FILARIOSE
L'éléphantiasis bientôt vaincu ?
Selon l'OMS, plus d'un milliard de personnes courent le risque de
contracter la filariose lymphatique, plus connue sous le nom d'éléphantiasis.
Pour
venir à bout de ce fléau, l'OMS et la société SmithKline Beecham (SB) viennent
de signer un accord en vertu duquel cette dernière mettra gratuitement un
médicament, l'albendazole, à la disposition de l'OMS pour éradiquer cette
maladie.
Les spécialistes estiment qu'il faudra une vingtaine d'années pour éliminer la maladie, qui
touche 120 millions de personnes dont le tiers vit en Afrique. Le traitement par
l'albendazole consiste à administrer une dose chaque année, pendant quatre à cinq ans, à
toutes les personnes vivant dans les zones infestées, qu'elles soient malades ou non.

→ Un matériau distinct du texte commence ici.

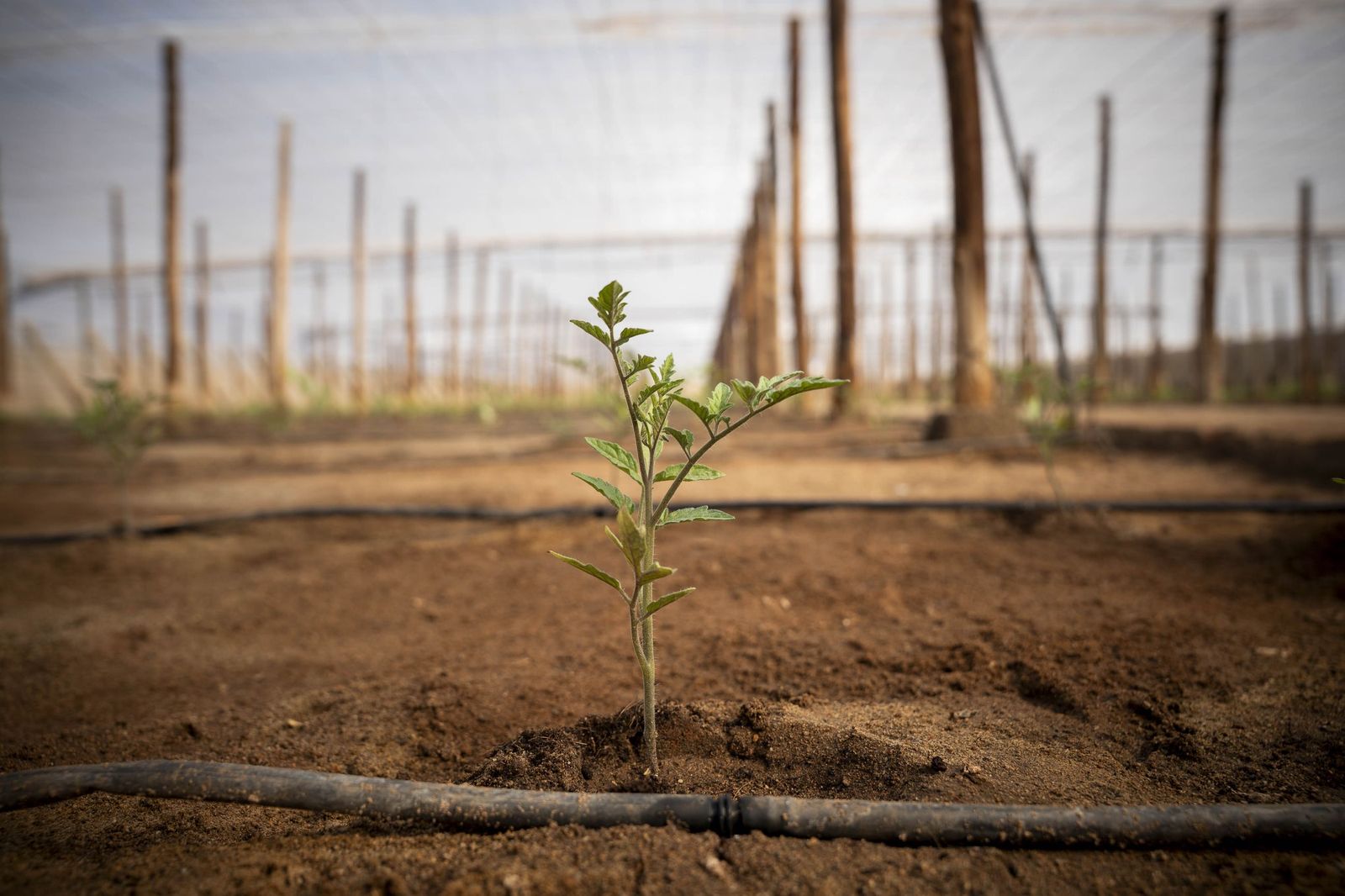 La primavera se planta en invierno entre sandías y tomates almerienses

L'albendazole est déjà utilisé dans le monde entier pour combattre les parasites intestinaux
; il s'est révélé efficace à 99 % contre le parasite responsable de l'éléphantiasis lorsqu'il est
associé à un autre antiparasitaire.
Les moustiques transmettent la maladie en piquant des personnes infectées et en
absorbant les microfilaires, des larves minuscules circulant dans le sang. Les larves se
développent dans le moustique, qui les injecte à un nouvel individu où elles achèveront
leur développement.
Adultes, les vers atteignent 4 à 10 centimètres de long et leur
longévité peut être de 15 ans. Ils se logent dans le système lymphatique où ils peuvent
provoquer une infiltration oedomateuse, un gonflement tellement monstrueux, notamment
lorsqu'il touche les jambes, qu'il évoque des pattes d'éléphant (d'où le nom de la maladie).

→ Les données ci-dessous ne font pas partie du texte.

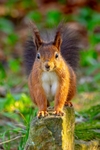 z4363 Red Squirrel, Shanklin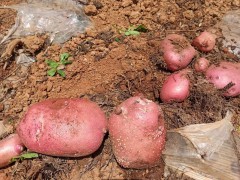 求購奇彩洋芋，俗稱：小烏洋芋，數(shù)量不限，產(chǎn)地不限，圖3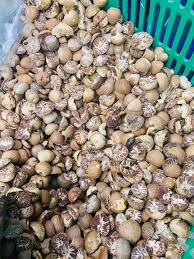 IP016 KUNNTHEE ကွမ်းသီးစိပ် M
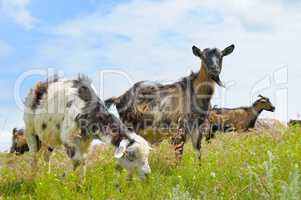 domestic goats grazing on pasture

Mais d'autres parties du corps peuvent être atteintes, comme les bras, les organes
génitaux, la vulve et les seins.
Les filaires peuvent aussi provoquer des dégâts dans les
reins et le système lymphatique.
Dans le cas de l'onchocercose, c'est un autre géant de la
pharmacie, Merck, qui a fourni gratuitement l'ivermectine. Ce médicament, administré à
raison d'une dose annuelle, a permis l'arrêt presque total de la transmission de la maladie
dans les 11 pays du programme. Devant ce succès, une extension à 19 autres pays
d'endémie d'Afrique centrale et orientale a démarré en 1996.
L'ivermectine est justement l'un des deux médicaments qui, associé à l'albendazole,
permet l'élimination à 99 % des filaires responsables de l'éléphantiasis. L'efficacité, la
simplicité du traitement ainsi que son coût limité (grâce à la fourniture gratuite des
médicaments), autorise tous les espoirs quant à l'éradication planétaire de l'éléphantiasis
d'ici une vingtaine d'années. Ainsi, tout comme l'onchocercose, la lèpre et la maladie de
Chagas, la filariose lymphatique pourrait déjà être éliminée en tant que problème de santé
publique au cours des dix prochaines années.